Il passe du socialisme au fascisme avant de devenir l’un des plus farouches opposants à Mussolini, qui le relègue à Lipari, et de se convertir sur le tard au maoïsme. Mais il écrit le livre le plus implacable jamais écrit contre la dictature, Technique du coup d’Etat.
Il combat avec les Américains et participe à la libération de l’Italie. Ce qui ne l’empêche pas de dénoncer dans La Peau cette bonne conscience « étatsunienne » qui consiste à faire le bonheur des peuples contre leur gré.

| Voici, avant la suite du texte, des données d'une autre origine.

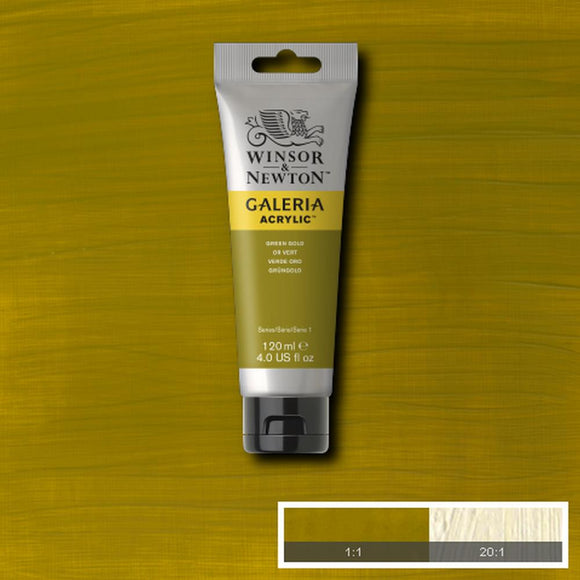 Winsor &  Newton Galeria Acrylic Green Gold 120ml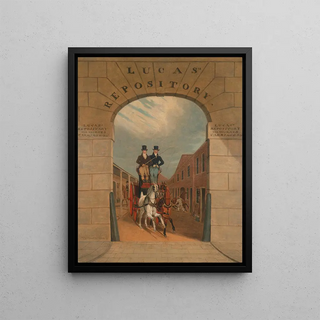 James Pollard - Schooling a Pair in a Brake at Lucass Yard Clerkenwell.webp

En matière de mégalomanie il ne craint personne. Il intitule un recueil de nouvelles Une femme comme moi, et trouvant l’idée bonne, répète à tout propos : un livre comme moi, un chien comme moi, une maison comme moi ! Cette maison, d’ailleurs, il la crée dans un site de rêve, à Capri. Godard y tournera Le Mépris et y réunira Jack Palance, Fritz Lang, Michel Piccoli et Brigitte Bardot en une distribution baroque que Malaparte lui-même n’aurait pu imaginer.
On l’aura compris : Malaparte, mort il y a juste un demi-siècle, reste vivant puisqu’il est le meilleur personnage de sa propre œuvre. Une œuvre foisonnante, inquiétante, crépusculaire, drôle et désespérée. Lui rendre hommage, ce ne peut donc être que feuilleter le vaste roman de sa vie.